EXERCISE DIRECTIONS: Leave out the pictures and repeat exactly the lines from the one containing "Rokh Asymmetric Floral" through the final line of the listing below.

SOURCE MATERIAL:
_ _ _ _ _
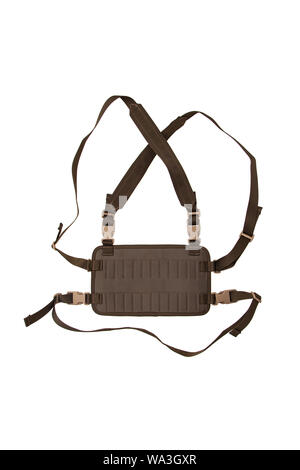 Modern bandolier isolated on a white background. Accessory for convenient carrying of cartridges on the hunt. Stock Photo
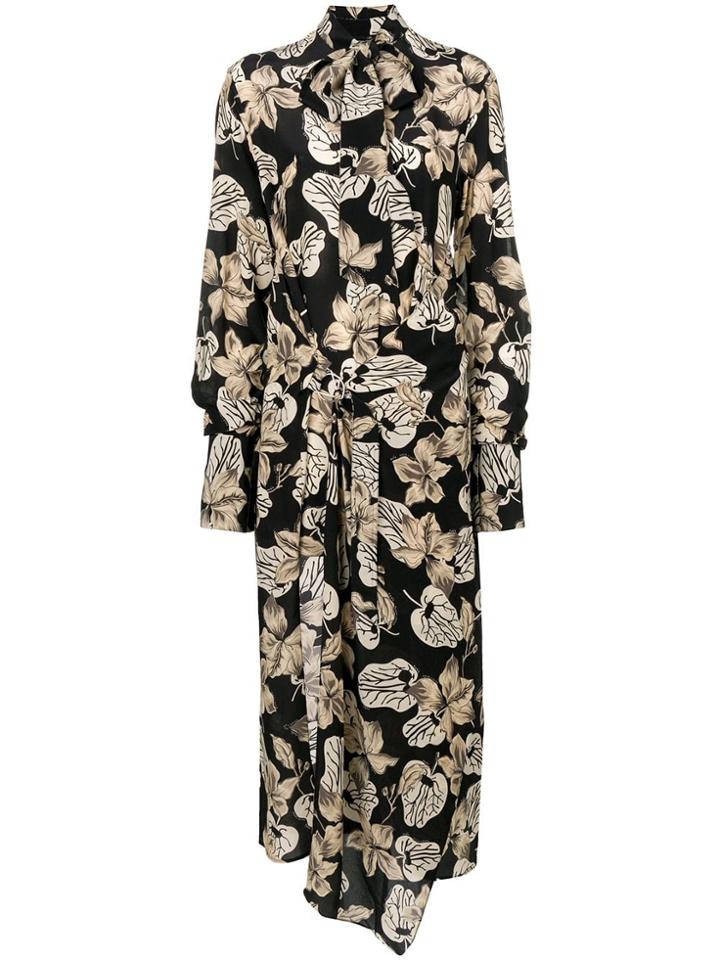 Rokh Asymmetric Floral Print Shirt Dress - Black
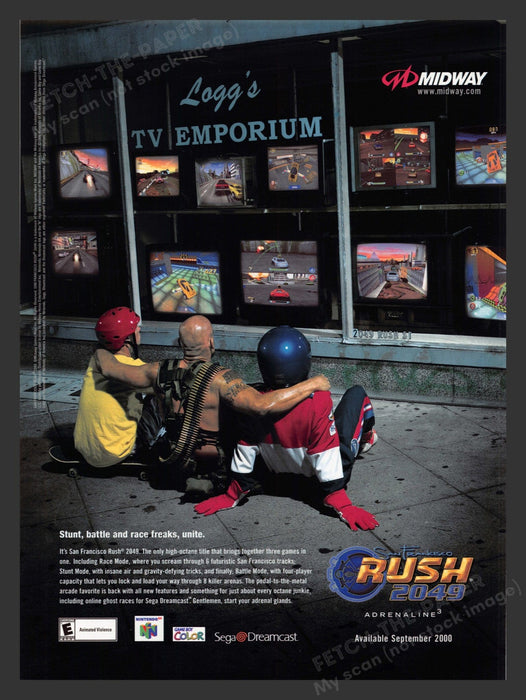 2000 San Francisco Rush 2049 Video Game Print Advertisement.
_ _ _ _ _
FINAL ANSWER:
 Rokh Asymmetric Floral Print Shirt Dress - Black
 2000 San Francisco Rush 2049 Video Game Print Advertisement.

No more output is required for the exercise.